What Wild Ecstasy
Instrumentation: fl(=picc).ob(=ca).cl.bc.bsn(=cbsn)-hn.tpt.trbn-perc-pft-harp-strings(2.1.1.1.)
Ballet, Rambert Dance Company.
PROGRAMME NOTE
When I was approached to write a new score to sit alongside Debussy’s masterpiece Prélude áL’après Midi D’un Faune, it soon became clear that it would not be a partner piece, nor a modern day version, but rather a reaction to all the work’s incarnations: Malarme’s poem, Debussy’s music and Nijinsky’s choreography.
If the Fauns of Mallarme and Debussy’s creation were hazy and elusive in mood, sensual and soporific in character our faun would be direct, feral, sexually aggressive and Dionysian in sheer exuberance.
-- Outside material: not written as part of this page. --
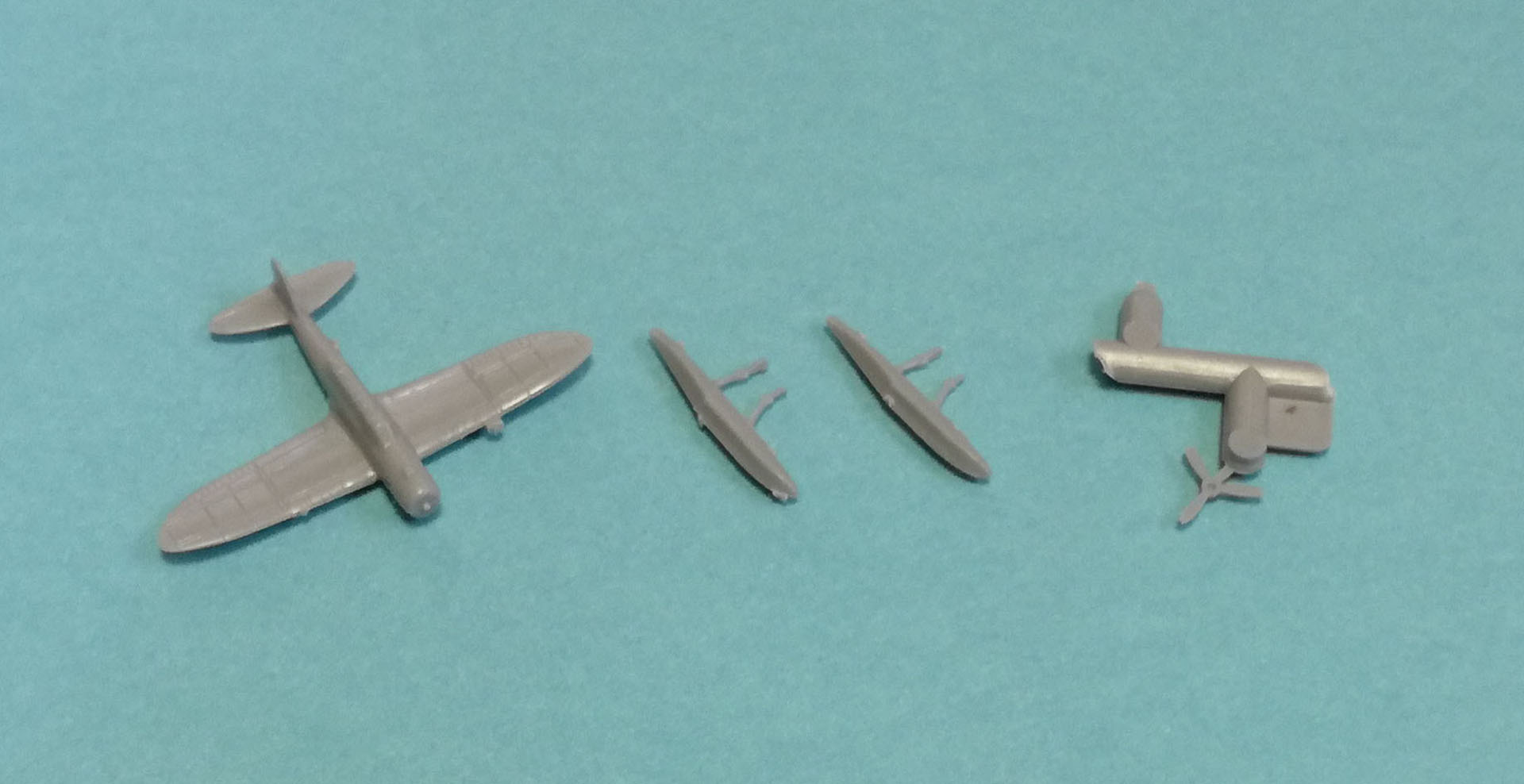 細かくパーツ分割された零式水上偵察機11型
I drew from the Pan Myth, John Keats’ 1819 poem, Ode on a Grecian Urn (from which the title comes) and the numerous artistic images inspired by the lascivious shenanigans of mythological fauns.
The work is structured in three core sections consisting of a series of musical outbursts that fly by one after the other. Material from previous sections bleed into the next, driving relentlessly and sometimes manically forward. Though there are moments of stillness they are soon superseded by brassy growls and rhythmic dances.